Looking ahead to the May 2021 elections, Mr McGregor suggested this was the type of decision which showed that elected members did not represent the varied interests in the town, with both the county council seats and town council dominated by Labour, many of whom were elected unopposed.
However, after asking a question at the December meeting of Ashington Town Council, Mr McGregor was told that this authority was not in favour of the changes either.
He asked: “Why does the town council think reducing the number of parking spaces in the Laburnum Terrace is necessary, how it helps businesses in town to thrive, offering services and employment opportunities to local residents and how it fits in with a wider review of parking provision in the town?

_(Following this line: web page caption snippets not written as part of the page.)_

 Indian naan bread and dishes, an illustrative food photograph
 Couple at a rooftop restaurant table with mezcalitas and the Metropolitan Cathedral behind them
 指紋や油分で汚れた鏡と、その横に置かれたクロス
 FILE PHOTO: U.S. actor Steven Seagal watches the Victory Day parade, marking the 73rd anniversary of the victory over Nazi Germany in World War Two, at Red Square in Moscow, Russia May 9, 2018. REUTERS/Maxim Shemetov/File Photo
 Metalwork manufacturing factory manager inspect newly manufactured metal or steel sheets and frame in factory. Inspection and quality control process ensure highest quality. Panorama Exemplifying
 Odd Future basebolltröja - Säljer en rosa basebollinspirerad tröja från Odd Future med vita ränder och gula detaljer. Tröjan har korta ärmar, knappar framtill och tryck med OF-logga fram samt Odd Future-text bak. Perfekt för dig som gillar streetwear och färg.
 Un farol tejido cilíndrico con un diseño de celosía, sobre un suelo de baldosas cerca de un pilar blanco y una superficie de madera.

“Also, what does the council think of the fact that residents of properties very near to the car park are not able to purchase a residents parking permit although they have used that parking space for several years and there is ample space there outside business hours?”
The clerk explained that the town council had expressed concerns that businesses on Laburnum Terrace were not consulted, but were told by county council officers that it was an issue for residents.
“I think it’s the view of the town council that to have something like that as residents’ parking when it’s clearly in proximity to the town centre was a surprise at this particular time,” he added.
“As you rightly say, the town council shares your views that parking in the town centre, both currently and traffic management in general are seriously in need of a strategic review.”
A Northumberland County Council spokesman said: “The new scheme was introduced after a number of complaints from local residents about a lack of parking in the area – and the number of non-residents who were parking in these streets all day.
“66 properties were consulted and following the consultation and discussion with the local county councillor, it was agreed to introduce a resident parking permit zone for those who live on these streets, while also bringing in time restrictions to allow people to visit local shops and businesses and then vacate the spaces for others.
“Alternative long-term parking for business owners or visitors is still available nearby.”